In the last few years, Carol has turned her energies to support of schools. This direction reflects her belief that education is the key to correcting many of society’s ills. Now Carol serves as the chair of the new Board of Directors of Regina High School, a Catholic, all-girls school; as a member of the founding Board of the Entrepreneurship Preparatory School of Cleveland, a public community (charter) school, sponsored by the Cleveland Municipal School District; and as a member of a committee to increase enrollment in St. Ann’s Parish elementary school.

After Carol graduated from Notre Dame, her mathematics major got her a job in market research.
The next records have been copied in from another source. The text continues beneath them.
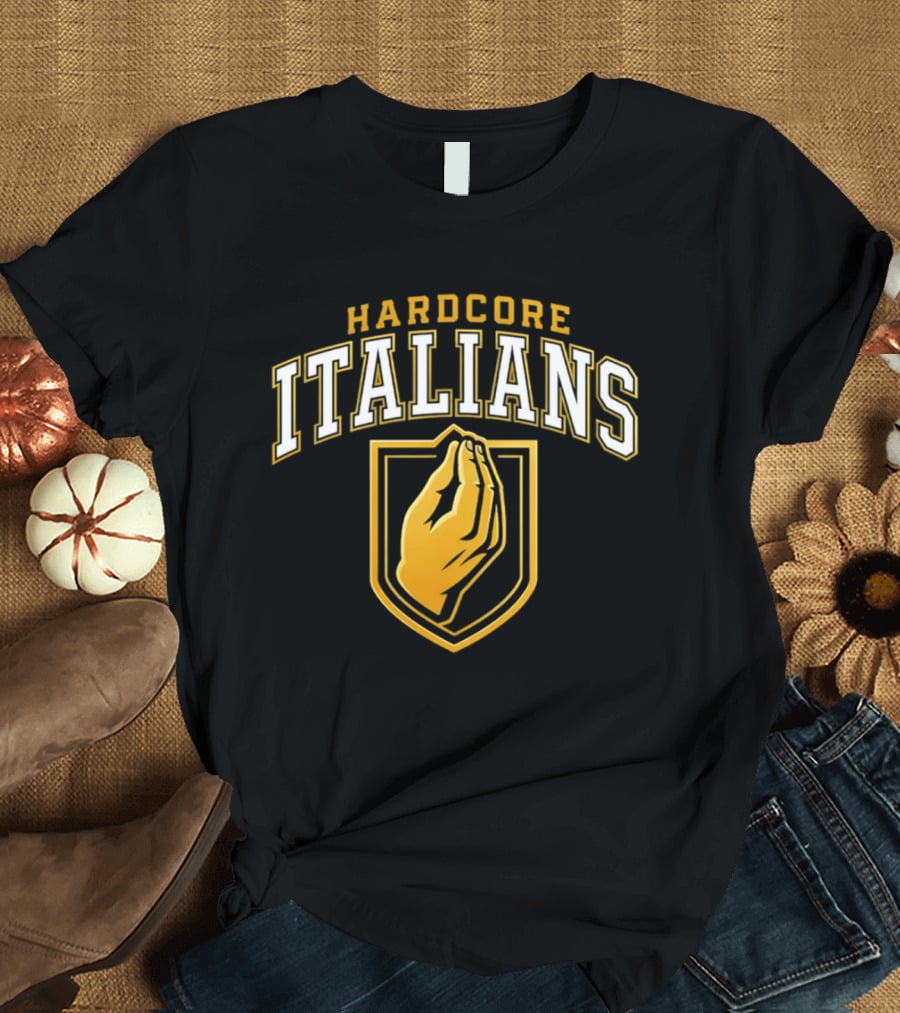 Hardcore Italians Vegas Golden Knights Gesture T-Shirt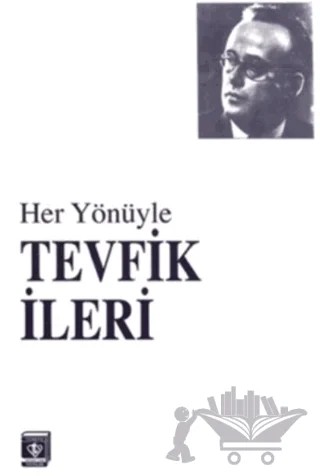 Her Yönüyle Tevfik İleri – Kolektif – Türkiye Diyanet Vakfı Yayınları kitap kapağı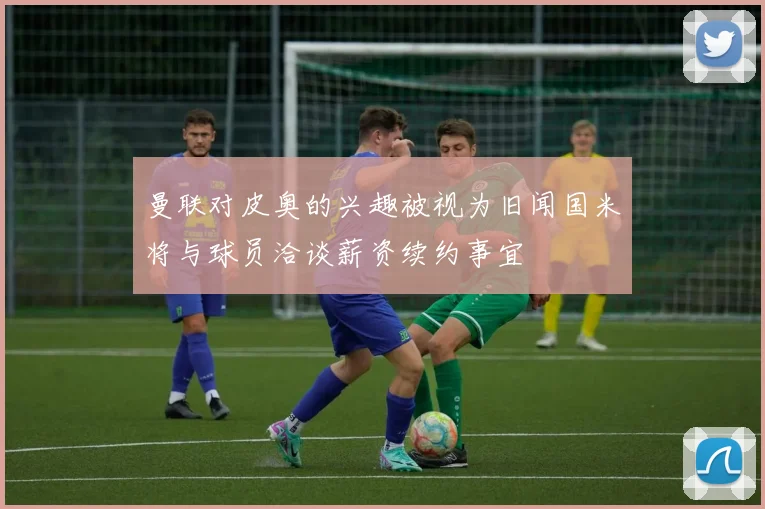 曼联对皮奥的兴趣被视为旧闻国米将与球员洽谈薪资续约事宜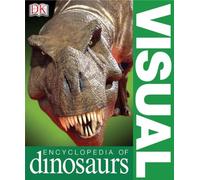 Visual Encyclopedia of Dinosaurs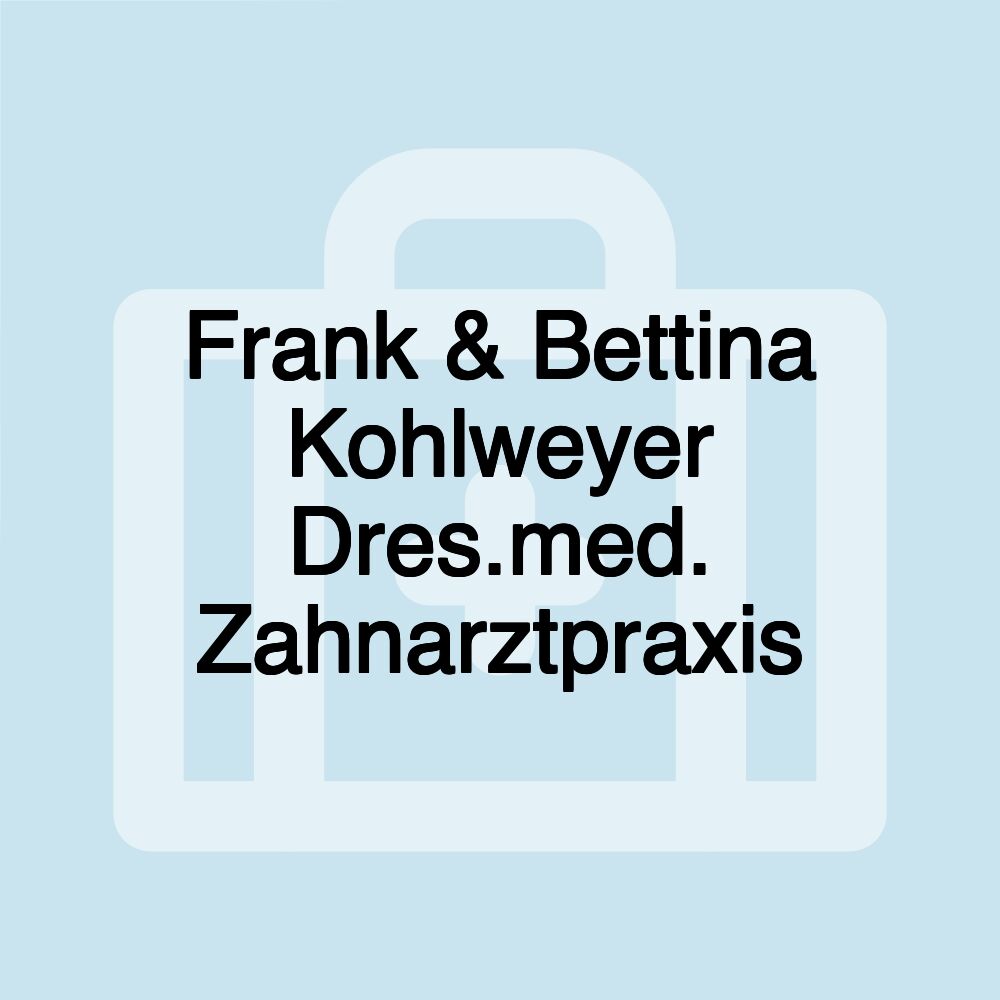 Frank & Bettina Kohlweyer Dres.med. Zahnarztpraxis Frank & Bettina Kohlweyer Dres.med. Zahnarztpraxis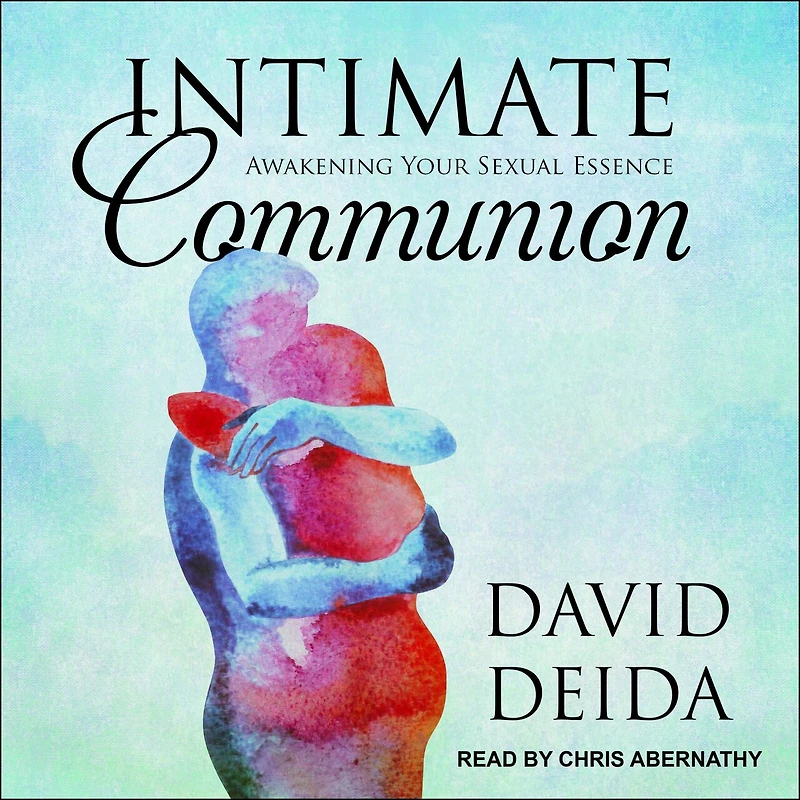 Intimate Communion Lib/E: Awakening Your Sexual Essence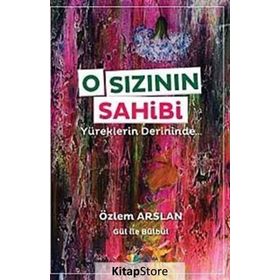 O SIZININ SAHIBI YÜREKLERIN DERININDE - ÖZLEM ARSLAN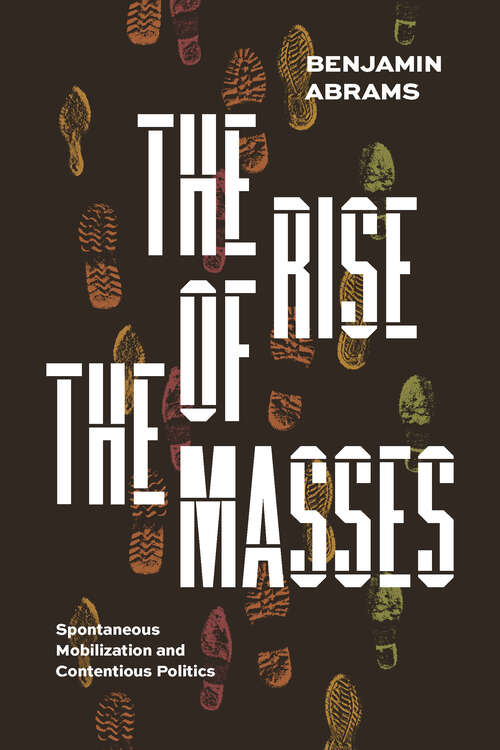 Book cover of The Rise of the Masses: Spontaneous Mobilization and Contentious Politics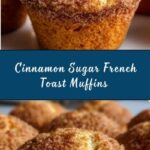 Cinnamon Sugar French Toast Muffins Recipe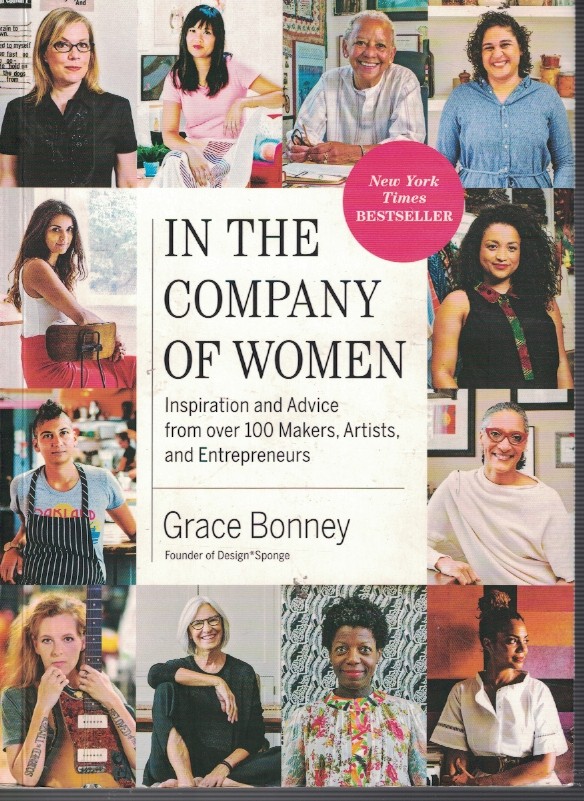 In the Company of Women Inspiration and Advice from over 100 Makers, Artists, and Entrepreneurs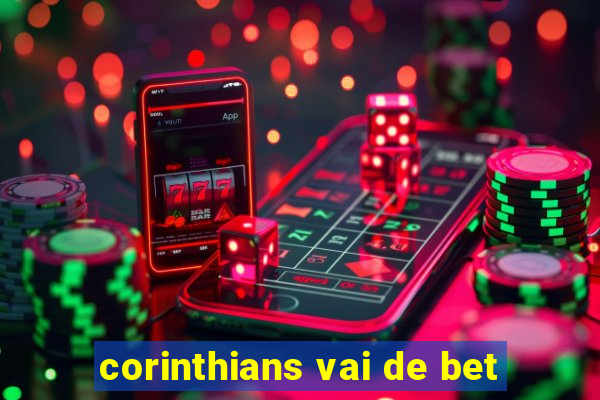 corinthians vai de bet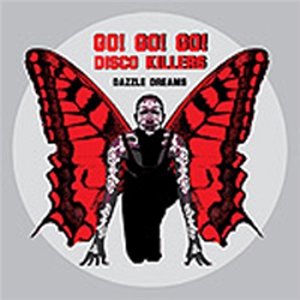 Dazzle Dreams - Go!Go!Go! Disco Killers (2009)
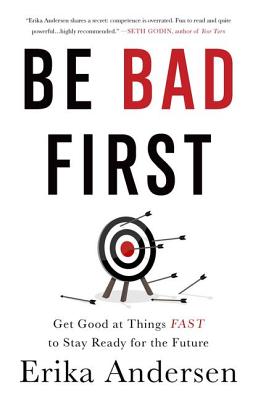 Be Bad First: Get Good at Things Fast to Stay Ready for the Future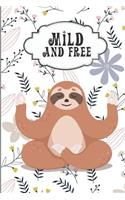 Mild and free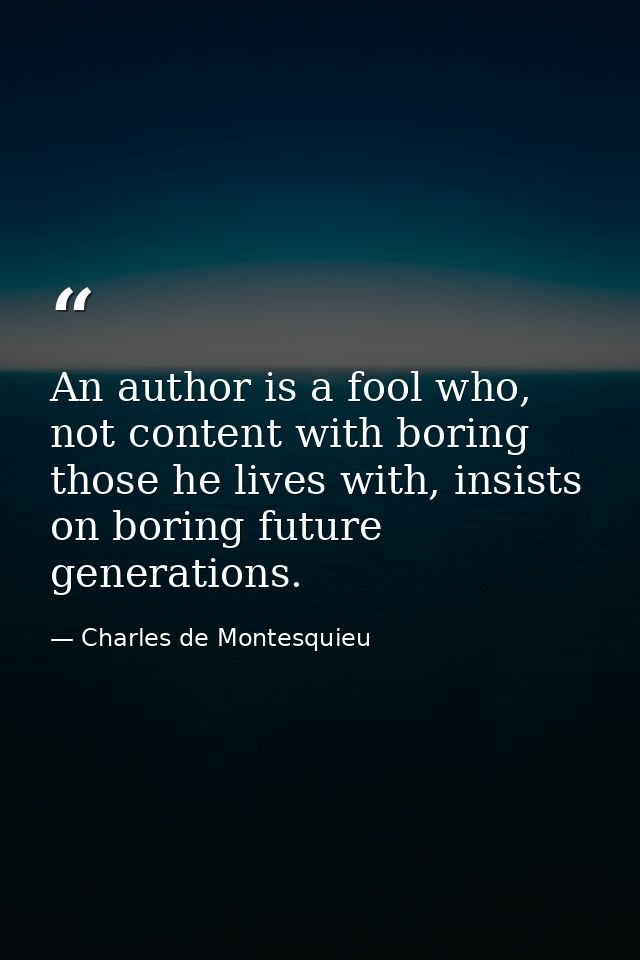 An author is a fool who, not content with boring those he lives with, insists on boring future generations. — Charles de Montesquieu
As she moved into product management and industrial marketing, she recognized a need for more education. She returned to school and earned an MBA from the CWRU Weatherhead School of Management. “Since then,” Carol reports, “I continually seek out situations where I can spend a few hours at a forum or workshop, often on a topic that has nothing to do with my professional career, to connect with and learn from people with different perspectives, on topics that stimulate my thinking and enhance my view of the world.”

Carol feels that these traditional learning situations and her volunteer activities force her out of her “comfortable box.” She says, “They make me confront differences and use new experiences to build and grow the person I am.”

Patricia Opaskar ‘65 is a free-lance writer and editor residing in Cleveland Heights, Ohio. Steve Ruic is the writer and editor at Notre Dame College.